Meados de 2000,
e meu pai tinha poucos anos a mais do que tenho hoje,
mas eram notáveis as marcas de sofrimento que a vida já tinha deixado em seu rosto até então.
Poucos anos antes ele tinha perdido todas as economias da família,
em um negócio malsucedido envolvendo a compra de um caminhão.
O desejo de ascender na vida tinha sido mais tentador do que a certeza do fracasso de um operário da agroindústria em ser um empresário bem-sucedido.
Naqueles dias, meu pai dividia seu tempo em apenas 3 coisas: trabalhar, comer e dormir.
Dois empregos de segunda a sexta, e um terceiro nos finais de semana
até quando seu corpo aguentaria?
Tenho certeza de que era a pergunta que ele se fazia toda madrugada, quando levantava para o trabalho e toda noite, quando encostava a cabeça no travesseiro para suas 5 horas de sono.
Mal podia imaginar que, por trás de tanto sacrifício, meu pai carregava acesa aquela velha chama de mudar de vida,
de deixar de ser um simples operário, mesmo que para mim, naquele momento isso não fazia o menor sentido…
Até que, finalmente, em uma noite quente de verão ele decidiu revelar seu plano.
“Guardei algum dinheiro, vamos abrir um pequeno mercado no porão”
Lembro que minha mãe ficou agitada e não parava de repetir que eu era um garoto de apenas 11 anos, e que ela não tinha nem a quarta série concluída, como iríamos dar conta de um mercado, mesmo que pequeno, sozinhos.
Mas meu pai estava decidido,
ensinou minha mãe a lidar com a máquina de calcular,
contratou um vizinho para construir as prateleiras de madeira,
em uma casa de móveis usados comprou um balcão de atendimento e um velho freezer.
Organizamos as prateleiras estrategicamente em lugares onde não existiam infiltrações,
o velho balcão perto da parede dos fundos em direção à porta,
e o freezer logo ao lado.
Das 4 lâmpadas do ambiente, meu pai tinha autorizado o uso apenas de duas, isso ajudaria na conta da luz.
É estranho pensar,
mas desde a inauguração o mercado já tinha ares de antigo e antiquado…
Lembro como eu e minha mãe morríamos de vergonha de atender os poucos clientes que chegavam,
e como rezávamos a Deus para que tivéssemos feito alguma venda até a hora que meu pai chegasse, para que ele esboçasse um pequeno sorriso.

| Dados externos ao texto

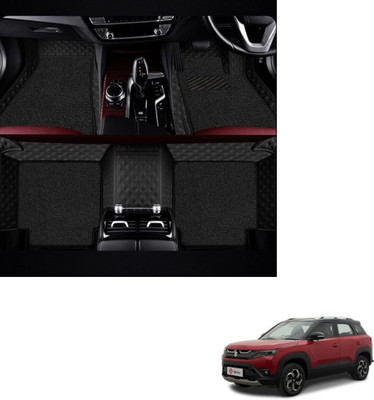 Autoclow Leatherite 7D Mat For  Maruti Suzuki New Brezza(Black, Black)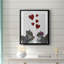 «Squirrel Love», toile encadrée de qualité supérieure - prête à être accrochée-603792228-603792229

Aos poucos os fornecedores de doces, cigarros clandestinos e bebidas se amontoaram para vender seus produtos,
quase sempre com uma negativa de minha mãe:
“Hoje não, os negócios estão fracos”.
Com o passar dos meses criamos alguns poucos bons clientes, e empilhamos maus pagadores.

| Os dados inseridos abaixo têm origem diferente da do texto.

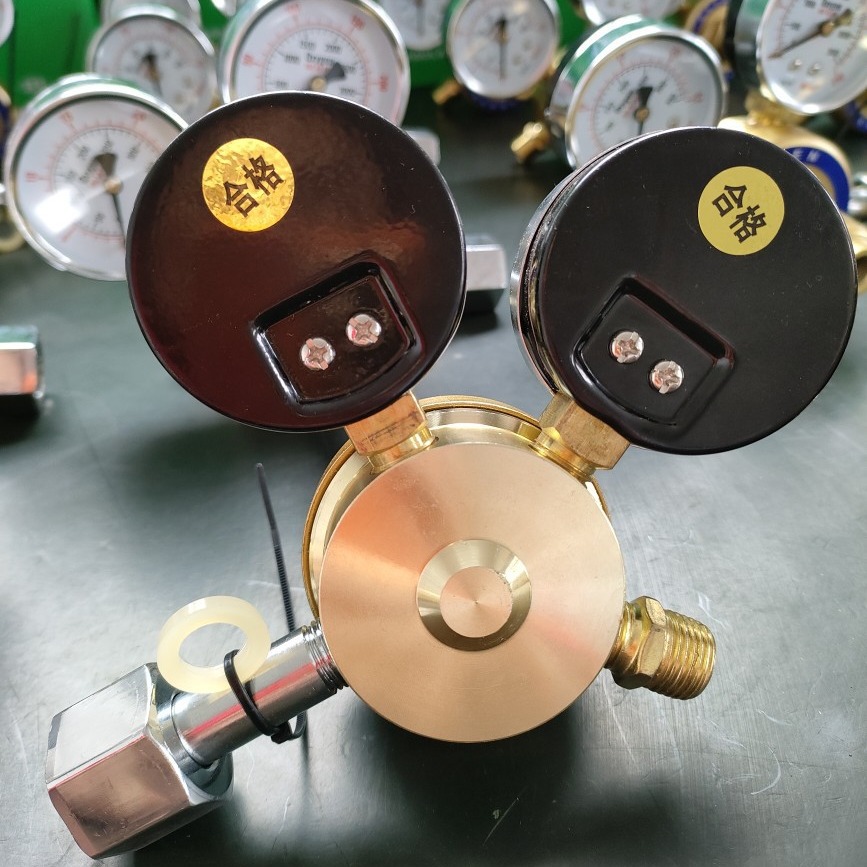Oxygen Pressure Regulator Gauge CGA320 Thread Reducer for Welding Cutting Medical YQY-09A - Image 4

Nunca dissemos não a um cliente,
esse era o lema que meu pai tinha criado,
seja por uma compra fiada, ou para abrir o mercado as 10 horas da noite para vendermos uma caixa de fósforos ou um pacote de suco.
Toda noite minha mãe implorava para que meu pai fechasse o velho mercado,
ele nunca respondeu, apenas baixava a cabeça e andava até o quarto.

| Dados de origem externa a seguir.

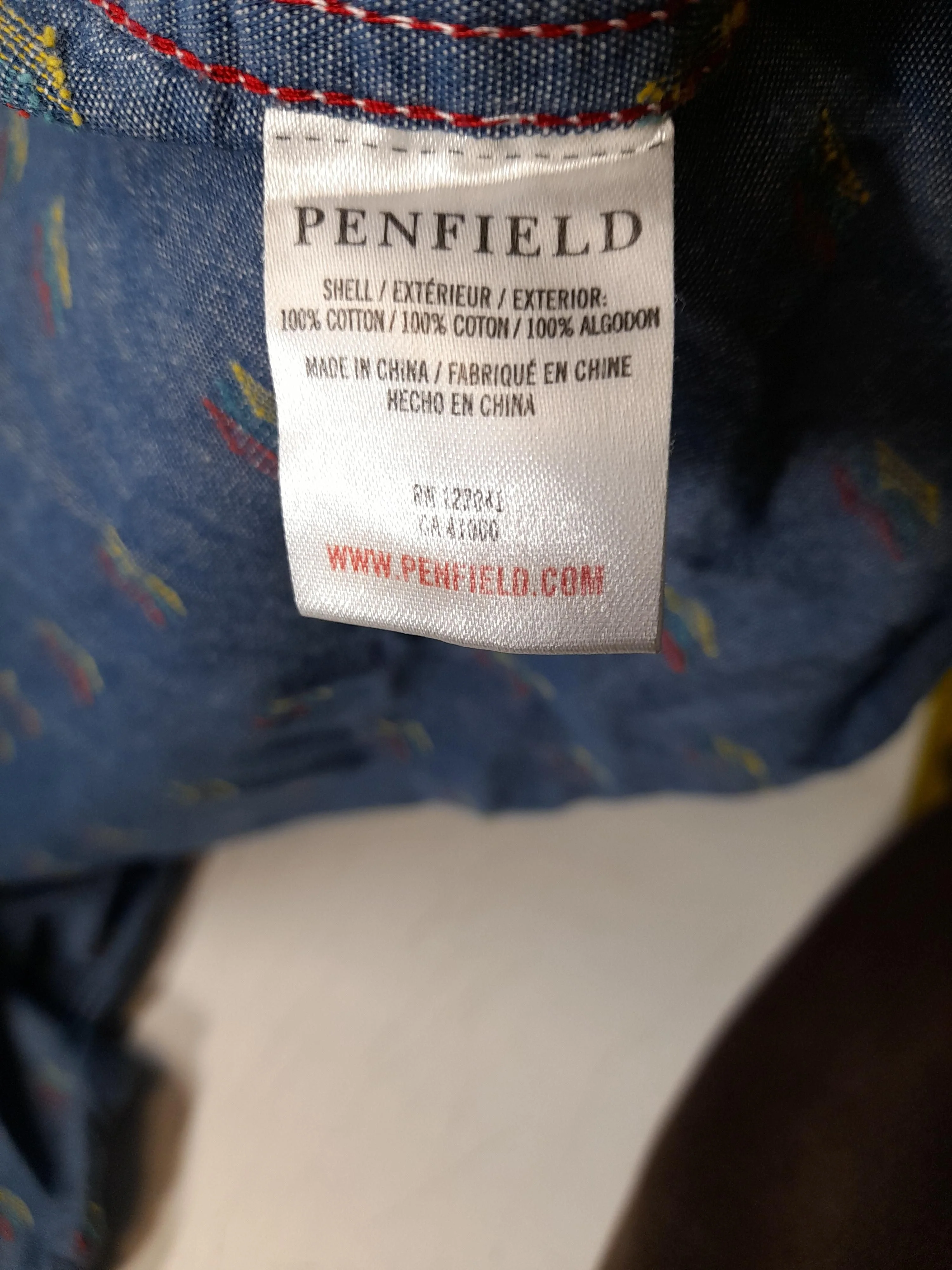 Penfield Men's Shirt L Blue 100% Cotton Basic - Image 6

A melhor lembrança que tenho do mercadinho, era de como podia encher a boca de paçoca toda a manhã e tomar um belo gole de refrigerante,
a sensação do gás em contato com o açúcar dava uma coceira gostosa no céu da boca…
O mercado durou cerca de 4 anos, e cada dia demonstrava um semblante mais triste, como o de meu pai que, sequer, pôde largar um de seus empregos.
Hoje tenho certeza que foram os 3 empregos de meu pai e sua esperança de sair do chão de fábrica que mantiveram o velho mercado aberto por tanto tempo.
Quando encerramos as atividades, lembro de encontrar produtos que estavam na prateleira desde a inauguração e pensava:
“Deus, como chegamos até aqui!”
Ainda hoje sonho com o pequeno mercado, com suas prateleiras opacas, seu balcão usado e com apenas duas lâmpadas acesas.
Acordo quase sempre triste, pensando:
“Foi apenas mais um sonho”
Mais um sonho de meu velho pai que não pude ajudar transformar em realidade.